[Collection entries]
- Opening Delimiter -

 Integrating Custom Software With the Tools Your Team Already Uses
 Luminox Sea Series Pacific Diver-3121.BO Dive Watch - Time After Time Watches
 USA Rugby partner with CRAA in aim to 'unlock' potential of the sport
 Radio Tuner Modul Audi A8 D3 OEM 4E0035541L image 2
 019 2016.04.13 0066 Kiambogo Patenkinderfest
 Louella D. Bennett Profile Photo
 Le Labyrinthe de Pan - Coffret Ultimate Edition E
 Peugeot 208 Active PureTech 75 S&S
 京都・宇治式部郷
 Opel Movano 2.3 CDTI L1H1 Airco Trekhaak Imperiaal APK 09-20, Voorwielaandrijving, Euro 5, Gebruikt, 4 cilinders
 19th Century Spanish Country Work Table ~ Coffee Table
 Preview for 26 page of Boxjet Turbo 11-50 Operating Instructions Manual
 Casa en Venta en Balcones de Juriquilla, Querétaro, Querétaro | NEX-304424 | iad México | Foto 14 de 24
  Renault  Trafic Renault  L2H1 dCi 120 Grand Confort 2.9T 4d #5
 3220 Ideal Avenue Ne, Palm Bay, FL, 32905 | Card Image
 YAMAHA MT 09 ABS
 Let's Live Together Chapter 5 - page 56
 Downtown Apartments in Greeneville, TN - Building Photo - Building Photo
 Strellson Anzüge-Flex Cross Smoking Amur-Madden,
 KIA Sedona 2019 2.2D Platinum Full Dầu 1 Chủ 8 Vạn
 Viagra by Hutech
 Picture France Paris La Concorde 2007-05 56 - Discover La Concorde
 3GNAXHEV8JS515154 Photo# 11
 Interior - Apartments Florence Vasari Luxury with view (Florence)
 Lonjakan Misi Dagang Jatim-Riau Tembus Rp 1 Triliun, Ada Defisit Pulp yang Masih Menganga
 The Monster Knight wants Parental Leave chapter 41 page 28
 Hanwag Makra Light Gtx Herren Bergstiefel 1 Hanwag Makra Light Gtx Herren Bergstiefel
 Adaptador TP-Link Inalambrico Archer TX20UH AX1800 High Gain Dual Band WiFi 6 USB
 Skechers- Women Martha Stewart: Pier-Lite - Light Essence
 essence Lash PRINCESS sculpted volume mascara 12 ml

- Closing Delimiter -

Exercise details
An exact copy of the lines above, from the one containing "USA Rugby partner" through the one containing "Opel Movano 2.3", is the whole of the answer.

Answer box
 USA Rugby partner with CRAA in aim to 'unlock' potential of the sport
 Radio Tuner Modul Audi A8 D3 OEM 4E0035541L image 2
 019 2016.04.13 0066 Kiambogo Patenkinderfest
 Louella D. Bennett Profile Photo
 Le Labyrinthe de Pan - Coffret Ultimate Edition E
 Peugeot 208 Active PureTech 75 S&S
 京都・宇治式部郷
 Opel Movano 2.3 CDTI L1H1 Airco Trekhaak Imperiaal APK 09-20, Voorwielaandrijving, Euro 5, Gebruikt, 4 cilinders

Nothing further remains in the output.